His voice cracked. And then, he laughed, but it was a hollow sound. "Maybe all my nine failures finally broke me. I've finally lost my godsdamn mind."

His gaze swept around the flat he lived in.

The dripping ceiling. The mold creeping up the walls. The unread books stacked like tombstones. The rejection email still open.

What was he even protecting?

His fifty-pound safety net?

The chance to fail again?

Another decade of disappointment?

He'd been dying slowly for years. Maybe this was his only real shot. What was one more gamble anyway?

'Thirteen years,' he thought. 'Thirteen years of hoping something would change on its own.'

"Fuck it," he whispered, his hand trembling as he reached out to press the button for Return of the Heavenly Sword God.

The system chimed, a clear crystalline sound that seemed to resonate in his bones.

[PURCHASE CONFIRMED]

[GENRE UNLOCKED: CULTIVATION/MURIM]

[FUNDS DEDUCTED: £1,300.00]

[NEW BALANCE: £50.47]

[INITIATING NARRATIVE EMBODIMENT…]

Strands of his hair tossed back his face the moment the money left his account. Suddenly, there was darkness. And a sensation of falling through space, his stomach lurching as reality dissolved around him. His arms extended, trying to reach out to something in the darkness as he fell through the empty dark vacuum.

He tried to scream but it seemed like it was stuck in his throat, choking him. The darkness was endless, it felt like he was being pulled apart, and put back together at the same time.

Then, suddenly, a sensation returned.

He gasped—air rushing into lungs that felt new and wrong, like they'd never taken a breath before. His heart pounded in his chest with a rhythm that wasn't quite his own and his eyes flew open.

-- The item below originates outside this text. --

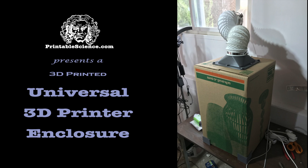Since posting our fairly popular window vent system, I've had inquiries from people saying, all well and good, but how do I get an enclosure for my printer to hook up to the window vent system? So this is what this video is about. If you've got a 3D printer, whether it's an FDM or a resin printer, and you want to do things a little bit more safely for your health, this project is about building a quick and dirty enclosure that can get rid of those fumes very quickly, easily, and cheaply. Printable Science presents a universal 3D printed printer enclosure.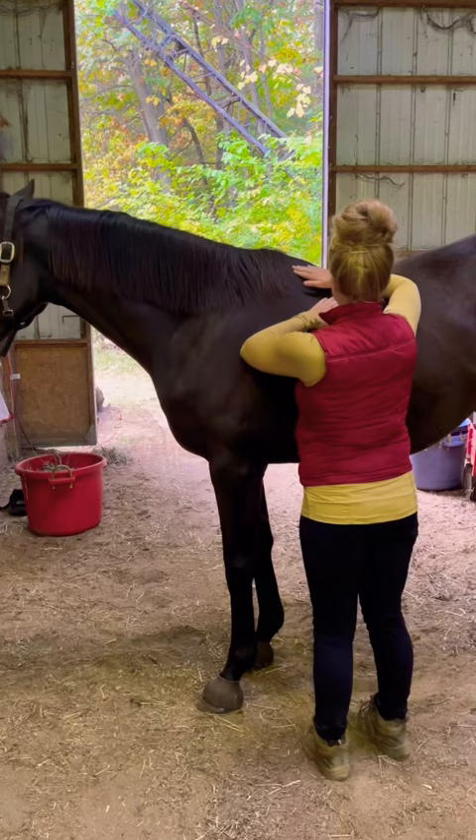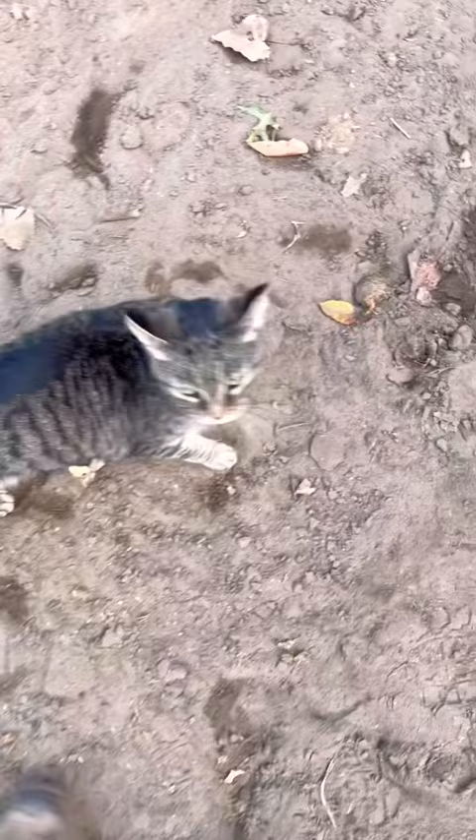Join me for a day of saddle fitting. My first horse was this three-year-old thoroughbred. What I'm doing is palpating her for any areas of soreness first. We're going to be testing out a new saddle, so I'm looking at all the different points. I also met this really cute kitty while I was here — so adorable.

He was on a bed. A massive bed made of silk sheets that had golden dragons embroidered across them and a carved canopy with jade characters he didn't recognize. The air smelled like incense and pine instead of the usual mold that filled his flat.

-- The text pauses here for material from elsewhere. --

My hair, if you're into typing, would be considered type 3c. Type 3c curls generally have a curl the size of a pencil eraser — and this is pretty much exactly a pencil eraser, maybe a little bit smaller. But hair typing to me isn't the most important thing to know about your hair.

His eyes looked around still quite confused as to where he was before they drifted down, and he nearly flew out of the bed.

His hands weren't his. They were smaller, lighter. Elegant and not the callused, Ink-stained hands he knew.

"What the hell?" His voice cracked, but his voice. It didn't sound like him. It wasn't his. "Nabu? Nabu!"

He scrambled upright, panic ripping through him as he yelled and demanded for the god to show himself.

"What did you do to me?!"

But he got no reply besides the wind chimes and birds he'd never heard in his life.

His eyes darted around the room, at the silk robes draped over a chair, the sword mounted on the wall, the scrolls stacked neatly on a desk.

And then realization struck him. "Cultivation world," he whispered, horror washing over him.

His cultivation world.

'Oh no,' Aiden thought, his entire new body trembling. 'This is real. I'm inside the story. I'm not in my body. Who's body is this? Who did I become?'

His heart slammed violently against his chest. And then, somewhere in the distance, he heard footsteps approaching his door.Aiden's hands wouldn't stop trembling. Each breath he took was too shallow, his heart pounding in his chest.